## [What the task asks]
For this exercise, repeat exactly the lines below starting at the line holding "3-otaqlı yeni tikili" and ending at the line holding "Catalogo de Sueña", both included, with no extra lines and no pictures.

## [Exercise data]
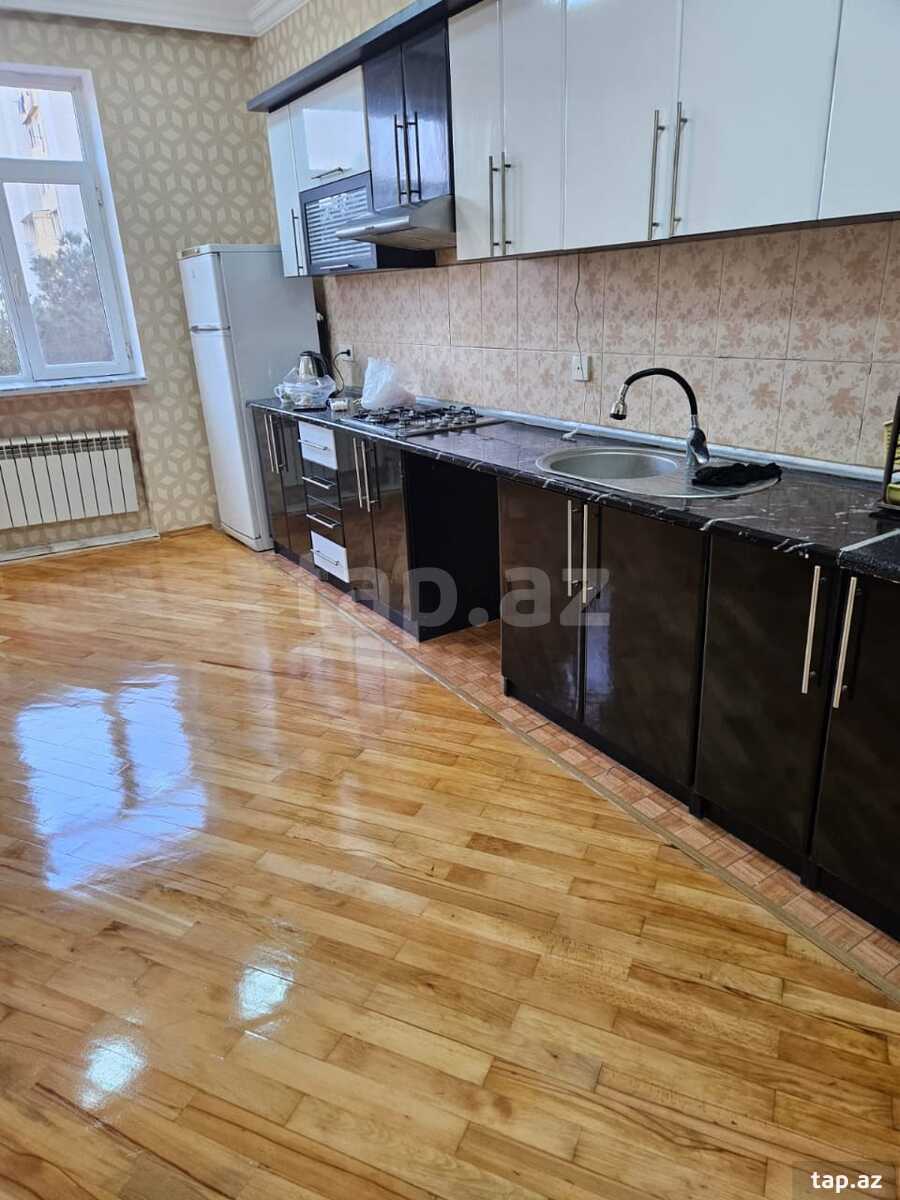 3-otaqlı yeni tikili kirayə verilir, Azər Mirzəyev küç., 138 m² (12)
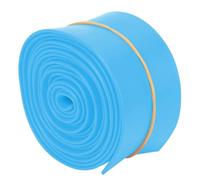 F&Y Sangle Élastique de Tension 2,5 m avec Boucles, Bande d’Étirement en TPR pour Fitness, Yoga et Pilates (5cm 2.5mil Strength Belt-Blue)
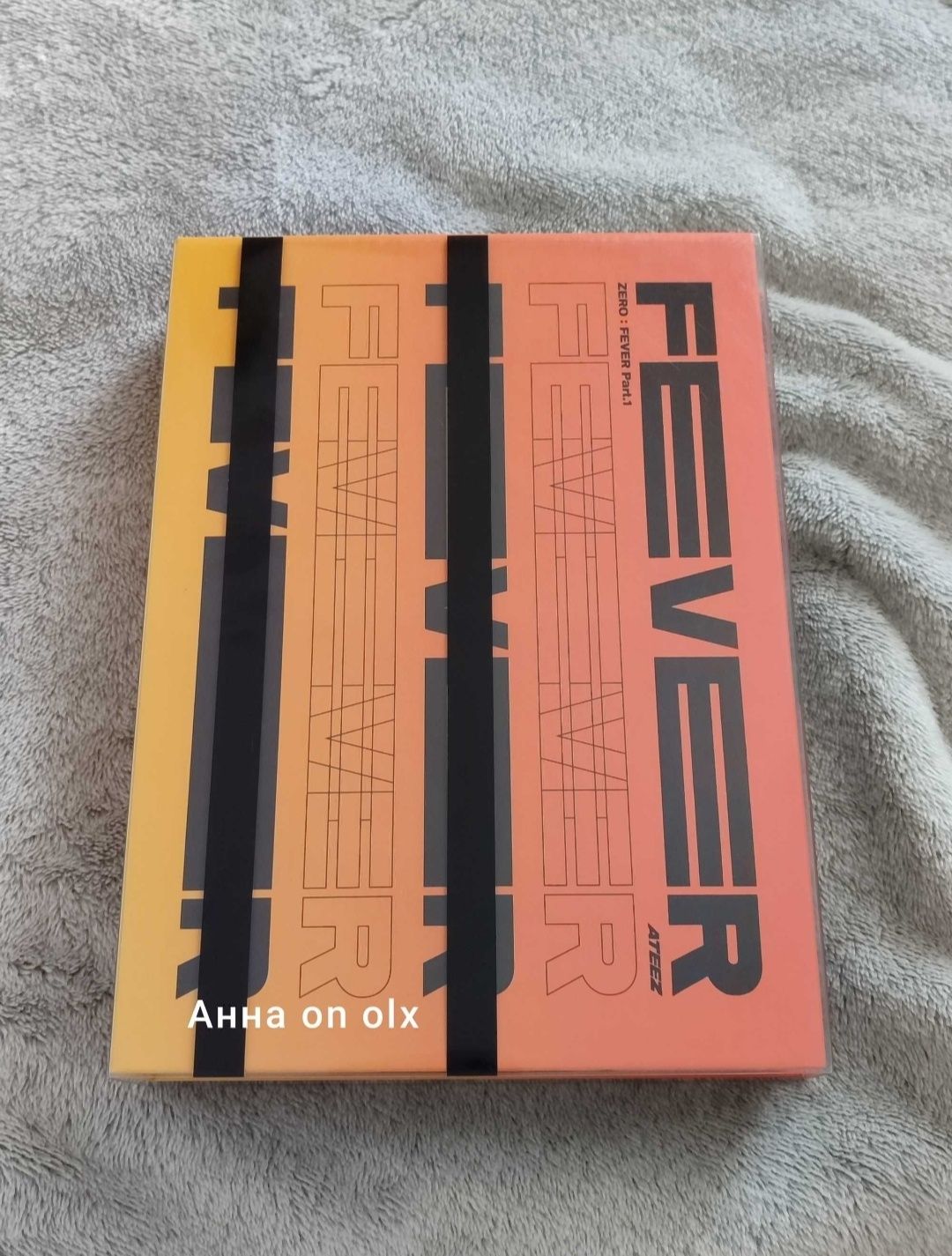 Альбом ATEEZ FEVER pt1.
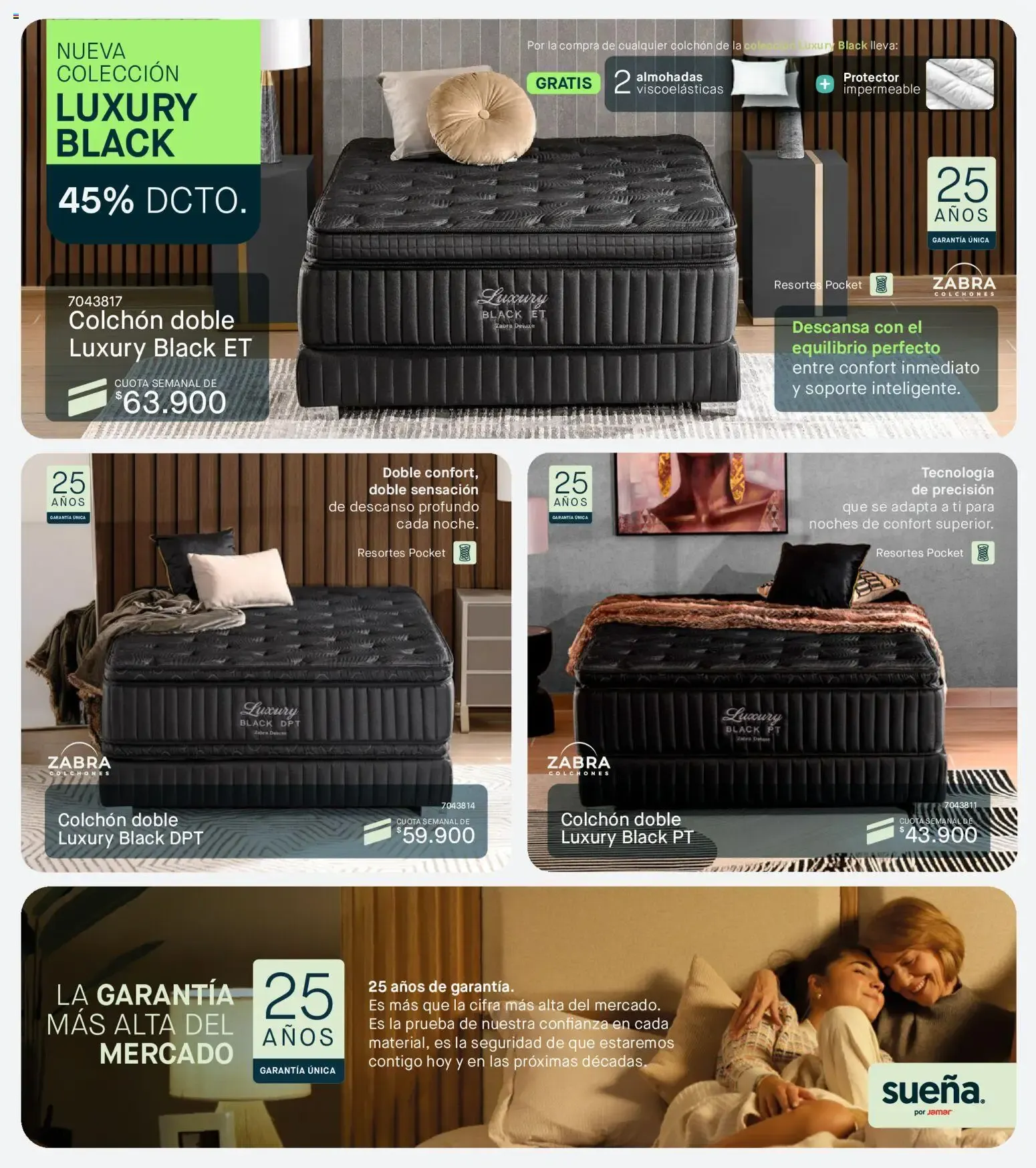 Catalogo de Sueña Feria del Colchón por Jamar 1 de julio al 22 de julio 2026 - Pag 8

==

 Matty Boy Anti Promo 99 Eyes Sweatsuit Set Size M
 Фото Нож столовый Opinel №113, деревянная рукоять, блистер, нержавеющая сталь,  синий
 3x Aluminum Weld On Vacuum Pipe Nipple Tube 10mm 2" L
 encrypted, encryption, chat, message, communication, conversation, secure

...

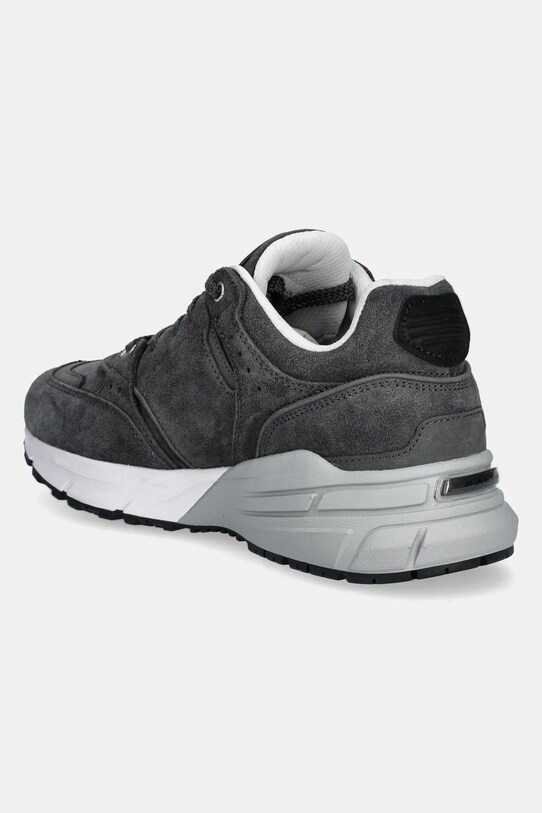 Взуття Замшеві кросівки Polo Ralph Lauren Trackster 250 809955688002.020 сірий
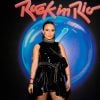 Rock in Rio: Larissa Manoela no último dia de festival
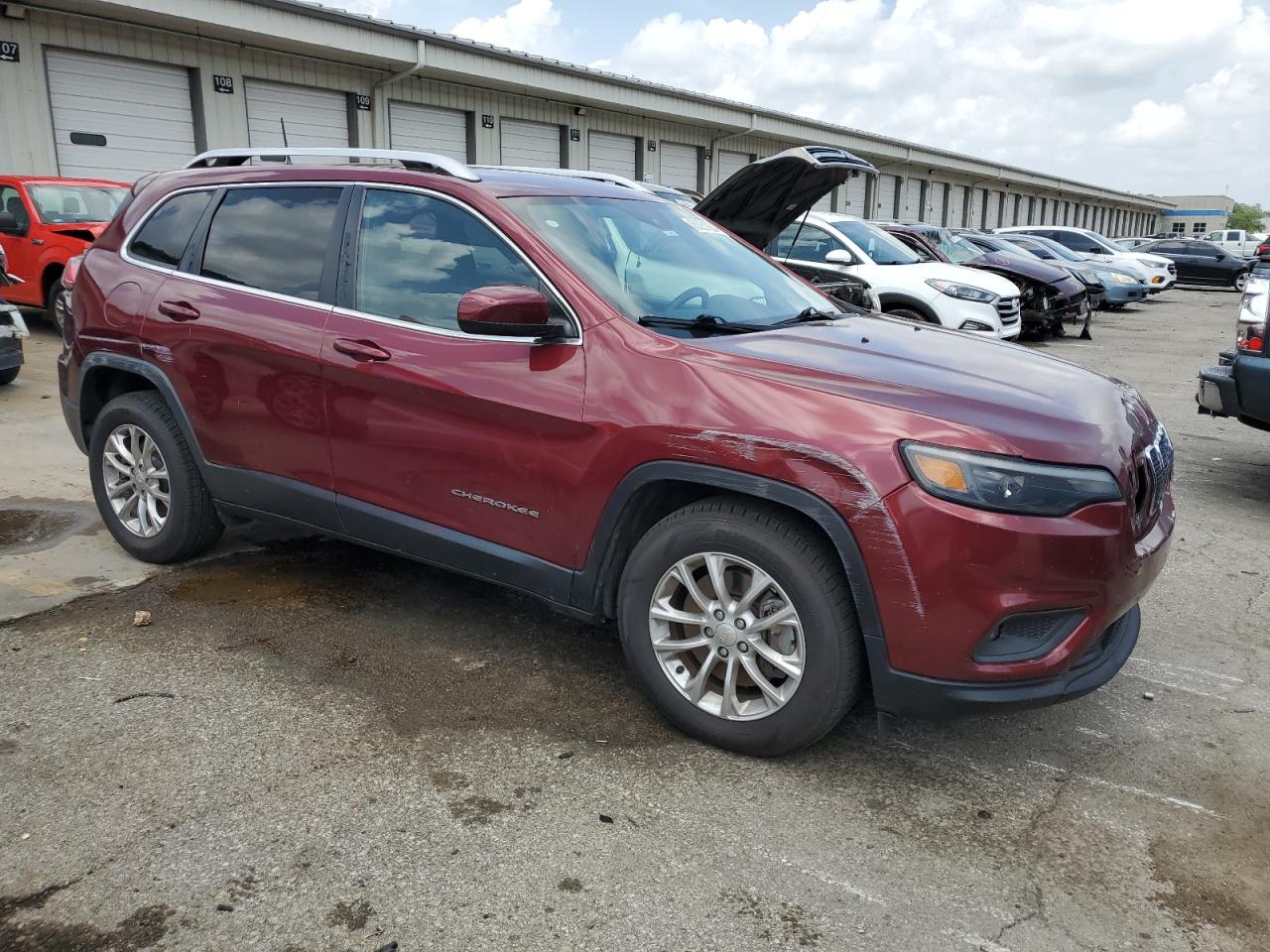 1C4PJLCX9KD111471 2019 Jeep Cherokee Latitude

## [Finished task]
 3-otaqlı yeni tikili kirayə verilir, Azər Mirzəyev küç., 138 m² (12)
 F&Y Sangle Élastique de Tension 2,5 m avec Boucles, Bande d’Étirement en TPR pour Fitness, Yoga et Pilates (5cm 2.5mil Strength Belt-Blue)
 Альбом ATEEZ FEVER pt1.
 Catalogo de Sueña Feria del Colchón por Jamar 1 de julio al 22 de julio 2026 - Pag 8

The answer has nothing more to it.